Experts say Nigeria faces tough times ahead as the lingering oil production tussle between the United States of America and the Organisation of Petroleum Exporting Countries (OPEC) takes its toll on the country’s prized energy export commodity.
“Nigeria is in immense pain,” declares Amrita Sen, chief oil analyst at Energy Aspects. And the reason is not far-fetched: Since it lost its major crude oil market share in the United States of America, it has been struggling to gain grounds in other markets with OPEC’s decision to fight for market share with America, Russia and other non-cartel members instead of propping up prices through production cuts, thus exacerbating the vulnerability of Africa’s top energy supplier and others.

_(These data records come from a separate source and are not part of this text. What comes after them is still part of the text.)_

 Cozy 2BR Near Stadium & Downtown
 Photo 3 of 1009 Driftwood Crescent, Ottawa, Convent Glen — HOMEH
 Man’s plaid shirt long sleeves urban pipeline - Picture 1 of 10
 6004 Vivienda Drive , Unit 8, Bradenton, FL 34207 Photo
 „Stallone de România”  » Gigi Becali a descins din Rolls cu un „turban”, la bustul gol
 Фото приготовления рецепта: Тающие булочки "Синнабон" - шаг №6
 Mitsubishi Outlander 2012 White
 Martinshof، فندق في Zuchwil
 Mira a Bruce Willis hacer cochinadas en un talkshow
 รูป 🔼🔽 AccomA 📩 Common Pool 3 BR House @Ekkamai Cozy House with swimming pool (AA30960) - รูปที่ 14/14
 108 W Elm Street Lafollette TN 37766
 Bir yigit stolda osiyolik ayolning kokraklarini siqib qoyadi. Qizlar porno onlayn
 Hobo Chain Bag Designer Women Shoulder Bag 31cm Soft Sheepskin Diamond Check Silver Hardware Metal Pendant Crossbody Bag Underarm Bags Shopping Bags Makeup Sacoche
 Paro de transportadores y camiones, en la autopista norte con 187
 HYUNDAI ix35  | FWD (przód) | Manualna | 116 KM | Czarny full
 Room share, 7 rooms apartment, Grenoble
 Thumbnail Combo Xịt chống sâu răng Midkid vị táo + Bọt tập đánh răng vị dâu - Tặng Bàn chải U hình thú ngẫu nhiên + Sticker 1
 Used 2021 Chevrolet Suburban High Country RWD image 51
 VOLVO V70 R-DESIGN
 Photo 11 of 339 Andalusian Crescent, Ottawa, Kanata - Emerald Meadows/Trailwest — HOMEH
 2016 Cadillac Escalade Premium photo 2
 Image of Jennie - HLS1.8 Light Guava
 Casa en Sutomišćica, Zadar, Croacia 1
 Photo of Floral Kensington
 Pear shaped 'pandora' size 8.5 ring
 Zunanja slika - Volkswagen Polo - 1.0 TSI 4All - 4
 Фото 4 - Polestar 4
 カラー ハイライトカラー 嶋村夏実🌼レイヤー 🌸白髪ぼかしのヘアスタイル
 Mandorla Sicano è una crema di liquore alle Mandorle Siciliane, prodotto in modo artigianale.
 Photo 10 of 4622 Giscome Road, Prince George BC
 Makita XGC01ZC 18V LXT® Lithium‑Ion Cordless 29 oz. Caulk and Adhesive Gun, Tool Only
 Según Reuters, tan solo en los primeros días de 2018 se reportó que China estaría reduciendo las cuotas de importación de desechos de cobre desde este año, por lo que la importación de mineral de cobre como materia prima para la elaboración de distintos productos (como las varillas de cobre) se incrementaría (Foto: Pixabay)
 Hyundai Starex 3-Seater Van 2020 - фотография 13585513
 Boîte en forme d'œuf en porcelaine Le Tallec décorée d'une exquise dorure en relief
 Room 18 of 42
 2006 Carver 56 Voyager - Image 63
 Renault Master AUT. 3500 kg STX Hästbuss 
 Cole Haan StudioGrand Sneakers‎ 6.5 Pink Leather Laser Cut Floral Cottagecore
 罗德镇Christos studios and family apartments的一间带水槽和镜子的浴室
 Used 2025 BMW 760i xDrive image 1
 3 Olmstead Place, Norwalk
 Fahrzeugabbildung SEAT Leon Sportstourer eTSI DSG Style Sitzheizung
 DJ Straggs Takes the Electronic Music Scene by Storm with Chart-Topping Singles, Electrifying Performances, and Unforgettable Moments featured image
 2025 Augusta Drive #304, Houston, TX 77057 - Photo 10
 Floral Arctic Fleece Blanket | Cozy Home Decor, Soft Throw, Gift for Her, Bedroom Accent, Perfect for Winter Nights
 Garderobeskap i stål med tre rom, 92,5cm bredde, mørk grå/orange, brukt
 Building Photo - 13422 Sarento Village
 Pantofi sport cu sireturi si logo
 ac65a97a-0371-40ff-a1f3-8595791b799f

Besides seeing its oil revenue drastically reduced in the wake of global oil price slump and domestic production shortfalls due to oil theft and pipeline vandalism, Nigeria has struggled to find buyers for its premium quality Bonny Light crude in recently times.
According to trending energy reports, Nigerian crude oil cargoes that normally sell a month ahead of delivery have languished without buyers lately. According to Barclays, at least 80 million barrels of Nigerian and Angolan crude were still seeking buyers since early May.
Nigeria’s oil, which was once a highly desired, easy-to-refine product, is now hard to sell, unlike 2014 when it fetched over $2 a barrel more than the global benchmark, Brent crude, the energy analyst disclosed.
So far in 2015, the Nigerian premium quality crude has slid to 74 cents, on average, the lowest in a decade; and there is no sign in sight that OPEC could reverse its production policy stands soon.